Week 6 content for the Amazon Review Analyzer project
Welcome to this week's alternative solution approach! While you've been working with XGBoost (a tree-based model), we're now going to take this week to explore a completely different approach using BERT (Bidirectional Encoder Representations from Transformers). As you have learned, XGBoost must be trained on numerical data, while BERT is a powerful deep learning model that understands language context. We'll also learn about LoRA (Low-Rank Adaptation), a technique that lets us fine-tune large models efficiently on limited hardware.
XGBoost works with hand-crafted features (word counts, sentiment scores, etc.) while BERT learns patterns directly from raw text. Think of it this way:
XGBoost: You tell it what to look for (features)
BERT: It figures out what matters by understanding language itself
Both approaches have their place! XGBoost is faster and more interpretable, while BERT can capture complex language patterns. You can see why BERT might come in handy when we are dealing with review text.
BERT is a transformer-based model pre-trained on massive amounts of text. It understands context by looking at words from both directions (hence "Bidirectional"). When we fine-tune BERT, we're teaching it to apply its language understanding to our specific task: detecting AI-generated reviews.
The Challenge: BERT has 110 million parameters. Training all of them requires:
Expensive GPUs
Long training times
Lots of memory
We will be using LoRA to help with this challenge!
LoRA (Low-Rank Adaptation) is a clever technique that:
Freezes the original BERT weights (no updates to those 110M parameters)
Adds small "adapter" layers (only a few million parameters)
Only trains these tiny adapters
Result: You get 95%+ of full fine-tuning performance while training 100x fewer parameters!

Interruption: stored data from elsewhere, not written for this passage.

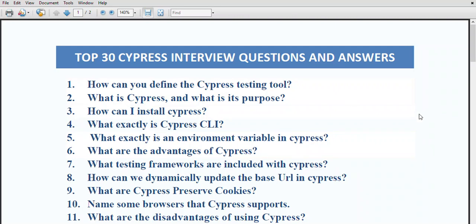In today's video we are going to focus on cypress interview questions and answers. The most asked question is how you should define cypress as a testing tool. Basically, cypress is a JavaScript-based front-end testing tool written in Node.js. This tool is helpful in executing tests in browsers, making the entire testing process more reliable and much easier.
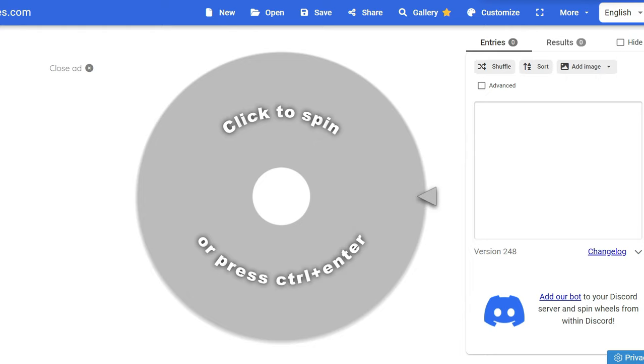And to determine the lucky winner I have prepared the random winner generator. I will now open the video to ensure that I have included everyone who left a comment. Let me just double check here.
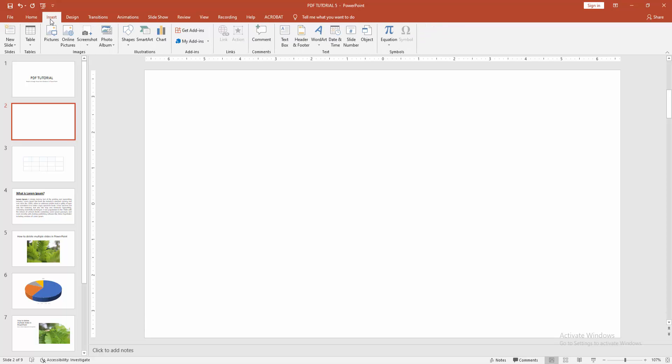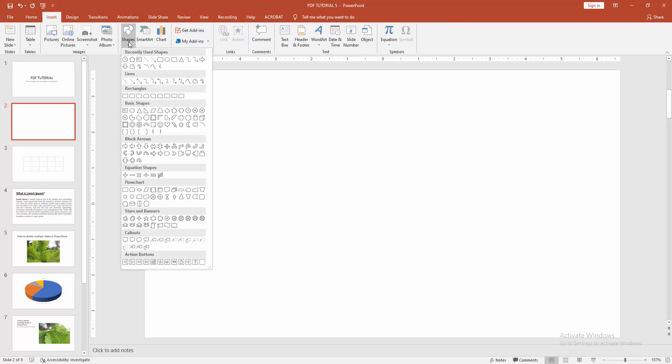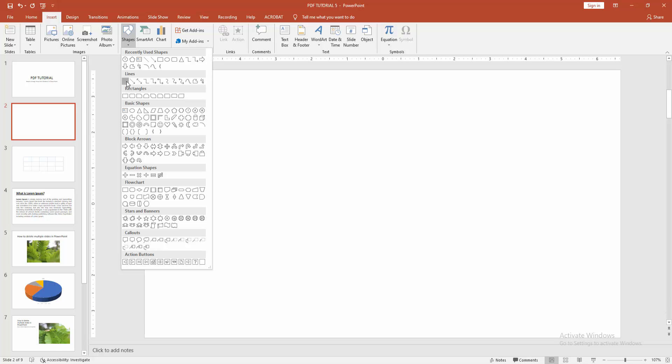Then go to the Insert menu. Choose the Shape option. Now we can see here many shapes. Now I am selecting the line shape.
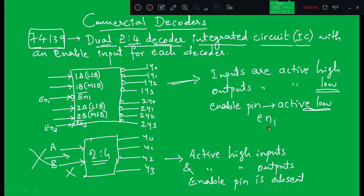If you want to enable or select that IC, you have to keep enable 1 or enable 2 equal to 0 as per your design. When enable is 0, that particular decoder is selected. You will understand this better once we start discussing the design using this commercial decoder. In the next slide we will discuss the truth table of 74139.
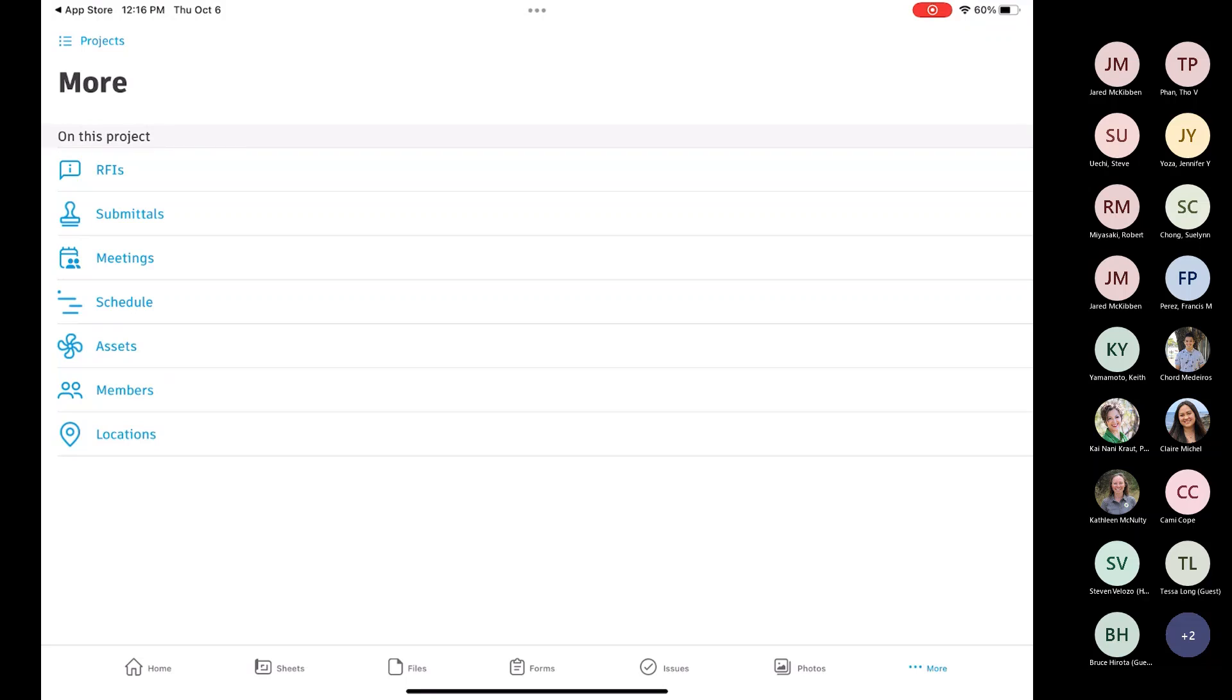Any questions? I know that was really quick. I just kind of want to get you guys familiar with the app. But are there any questions specifically about the Build app?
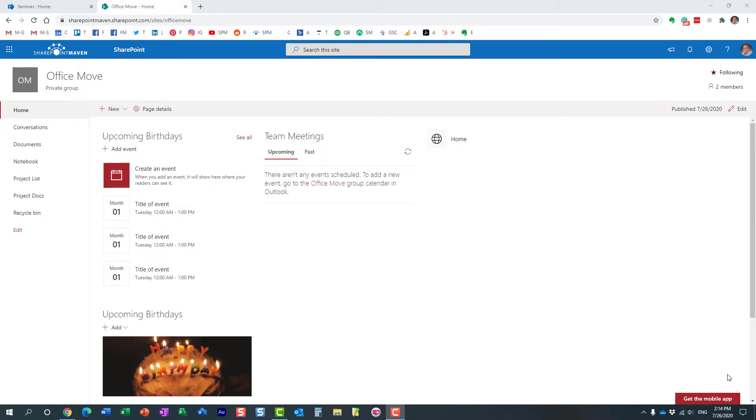Hello, this is Greg from SharePoint Maven. In this short video, I would like to explain how to add a Yammer feed into a SharePoint page.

This means you can train on a CPU or small GPU.
Create a new file called ‘train_bert.py’ in your src/ directory. We'll build this step by step.
import pandas as pd
from sklearn.model_selection import train_test_split
from sklearn.metrics import (
accuracy_score,
precision_recall_fscore_support,
classification_report,
)
from pathlib import Path
from transformers import (
BertTokenizerFast,
BertForSequenceClassification,
Trainer,
TrainingArguments,
EarlyStoppingCallback,
)
from datasets import Dataset
import torch
Key libraries:
transformers: HuggingFace library for BERT and training utilities
datasets: Efficient data handling for training
torch: PyTorch, the deep learning framework BERT uses
Add this code to see what hardware you have available:
# Check if GPU is available (if not, we'll use CPU)
device = "cuda" if torch.cuda.is_available() else "cpu"
print(f"Using device: {device}")
if torch.cuda.is_available():
for i in range(torch.cuda.device_count()):
gpu_name = torch.cuda.get_device_name(i)
gpu_memory = torch.cuda.get_device_properties(i).total_memory / 1024**3
print(f"GPU {i}: {gpu_name} ({gpu_memory:.1f} GB)")
else:
print("No GPU detected. Training will use CPU")
No GPU? Use Google Colab!
If you don't have a GPU, Google Colab offers free GPU access for students that will speed up training 10-20x. Here is the link to it: colab.research.google.com. Instructions for Colab are out of scope for this lesson, but contact me if you'd like to learn more.
data_path = Path(__file__).resolve().parent.parent / "data" / "processed-dataset.csv" # if your processed dataset is in a data directory
df = pd.read_csv(data_path, encoding="latin-1")
df = df[["cleaned_text", "label"]].dropna()
# Convert labels to numeric (BERT expects 0 and 1)
df["label"] = df["label"].map({"OR": 1, "CG": 0})
# 80% train, 20% test
train_df, test_df = train_test_split(
df, test_size=0.2, random_state=42, stratify=df["label"]
)
# Convert to HuggingFace Dataset format
train_ds = Dataset.from_pandas(train_df)
test_ds = Dataset.from_pandas(test_df)
print(f"Train size: {len(train_ds)}")
print(f"Test size: {len(test_ds)}")
Why this split?
Train (80%): Model learns from this data
Test (20%): Final, unseen data to evaluate true performance
Note: We're using a simpler 80/20 split instead of train/validation/test. The HuggingFace Trainer will automatically use a portion of training data for validation during training.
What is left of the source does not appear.